*** Listed entries ***

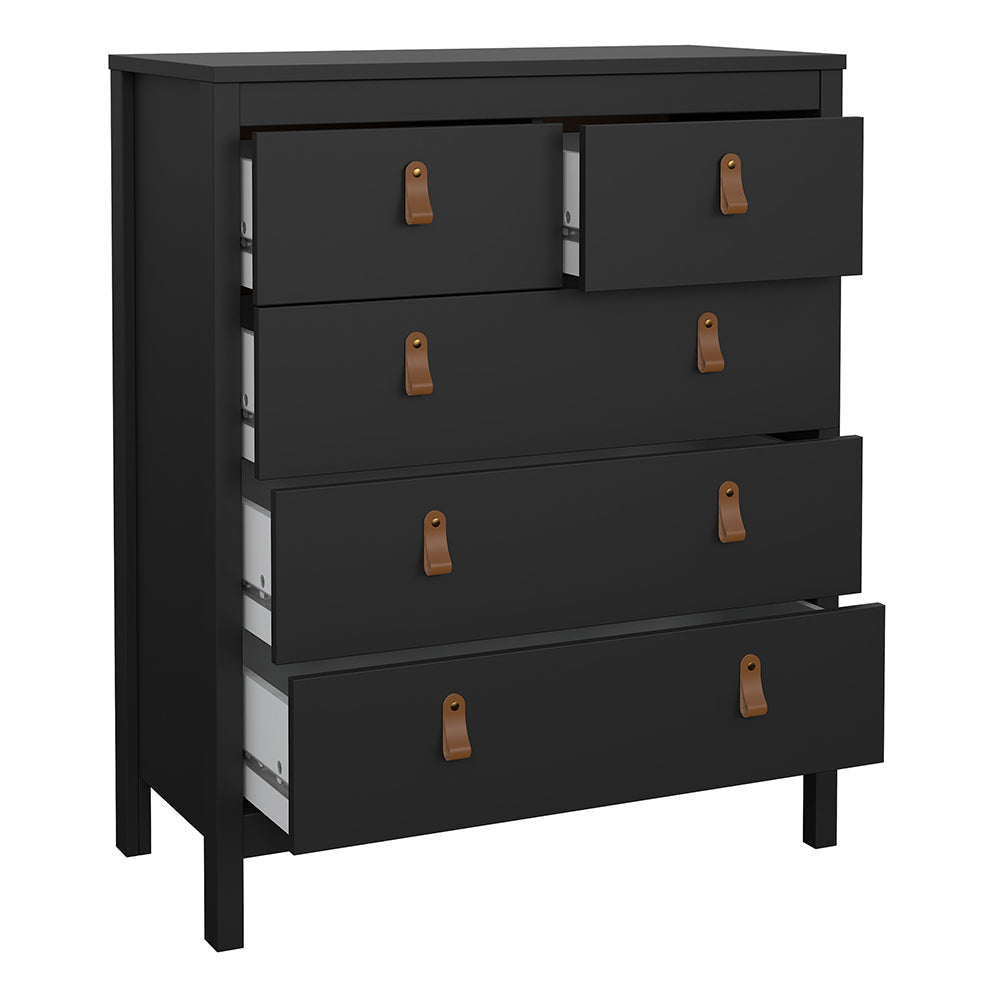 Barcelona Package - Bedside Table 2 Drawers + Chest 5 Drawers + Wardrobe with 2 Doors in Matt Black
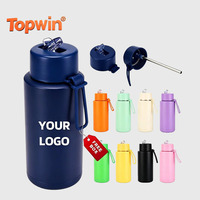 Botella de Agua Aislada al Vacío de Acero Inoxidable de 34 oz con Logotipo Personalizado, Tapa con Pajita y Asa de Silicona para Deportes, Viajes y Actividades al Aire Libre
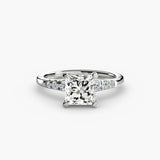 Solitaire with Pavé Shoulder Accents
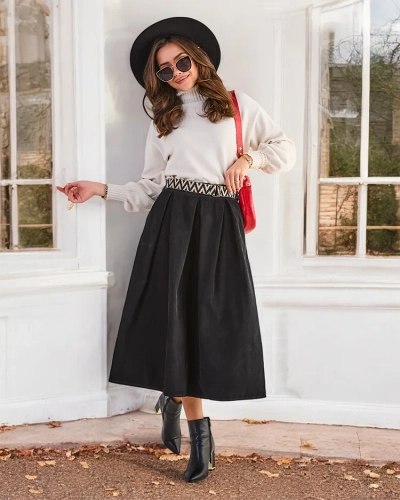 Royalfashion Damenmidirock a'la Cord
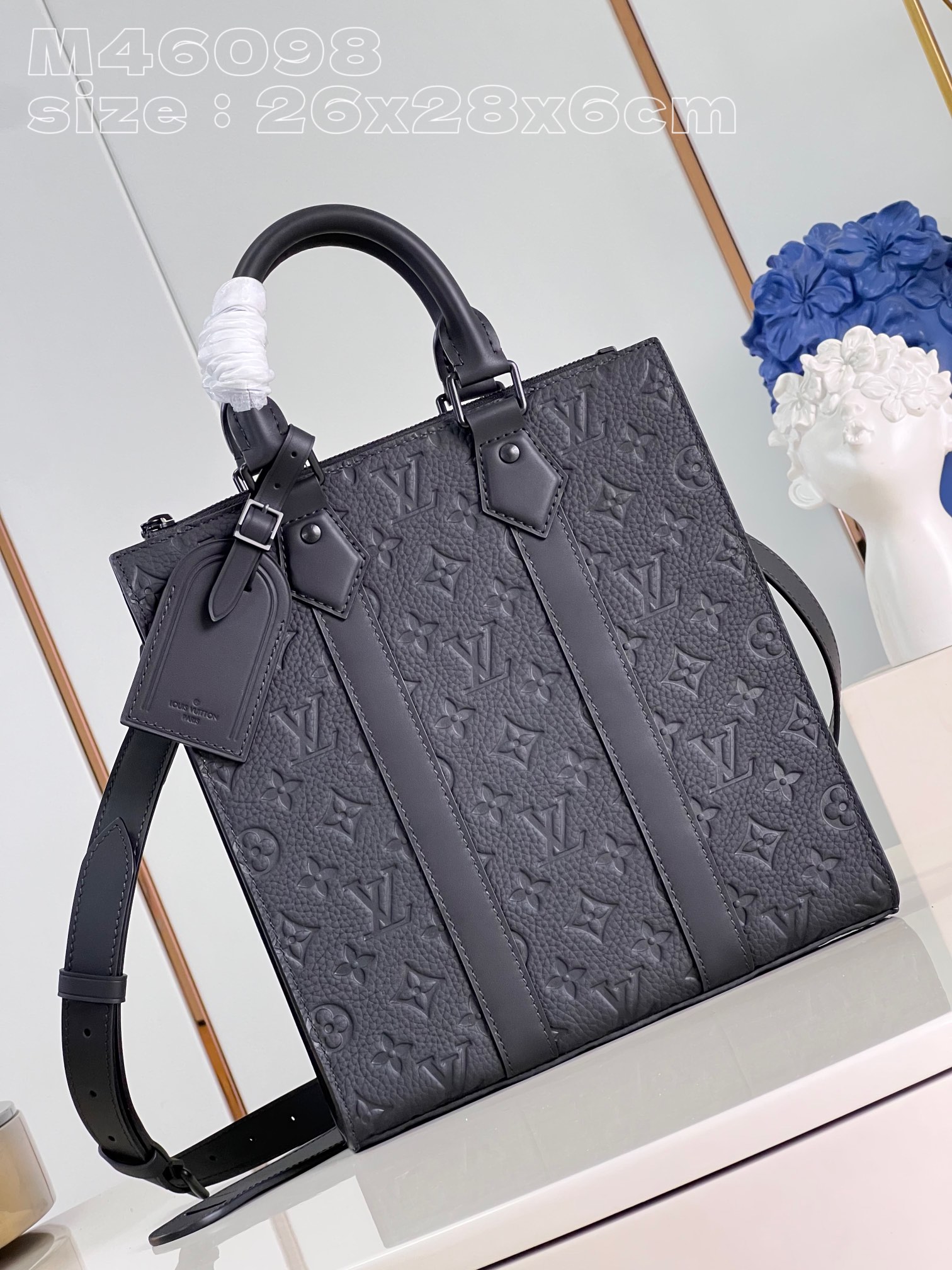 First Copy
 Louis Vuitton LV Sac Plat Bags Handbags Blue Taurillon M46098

*** End of Listed entries ***

- **Activity**
Word for word, output the lines from the line bearing "Solitaire with Pavé Shoulder Accents" through the end of the records above, and only those, without the pictures.

- **Solution for this problem**
 Solitaire with Pavé Shoulder Accents
 Royalfashion Damenmidirock a'la Cord
 First Copy
 Louis Vuitton LV Sac Plat Bags Handbags Blue Taurillon M46098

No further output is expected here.